Para a safra 2025/26, especialistas defendem a comercialização escalonada e a utilização de ferramentas de proteção de preços, como operações de hedge, especialmente para volumes ainda não negociados.

Cooperativas e cerealistas também encontram oportunidades no atual ambiente de mercado, aproveitando a pressão sazonal para ampliar posições de compra e fortalecer operações de armazenagem, enquanto as indústrias consumidoras podem manter aquisições graduais sem necessidade de antecipação agressiva.

Mercado internacional mantém viés negativo

No cenário global, o milho continua pressionado pelo bom desenvolvimento das lavouras norte-americanas, pela desaceleração das exportações semanais dos Estados Unidos e pela ausência de compras expressivas por parte da China.

Apesar disso, alguns fatores limitam quedas mais acentuadas. Entre eles estão a persistência da seca em Nebraska, um dos principais estados produtores dos EUA, e o desempenho acumulado das exportações norte-americanas ao longo da temporada.

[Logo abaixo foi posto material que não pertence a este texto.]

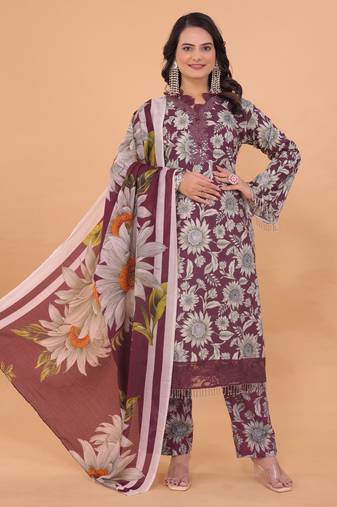Purple lace patti beads & floral printed work cotton straight pant suit-free size stitched (size upto 42")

Os investidores também acompanham atentamente os desdobramentos geopolíticos no Oriente Médio e seus possíveis reflexos sobre os mercados de energia e commodities agrícolas.

Perspectiva para junho

A tendência para as próximas semanas permanece de pressão sobre os preços do milho no Brasil. O avanço da colheita da safrinha deverá aumentar significativamente a disponibilidade do cereal no mercado interno, enquanto a demanda segue cautelosa.

Com compradores aguardando melhores oportunidades e exportações enfrentando dificuldades de competitividade, o setor deve continuar monitorando o ritmo da colheita, as condições climáticas e o comportamento das bolsas internacionais, fatores que serão determinantes para a formação dos preços durante junho e julho.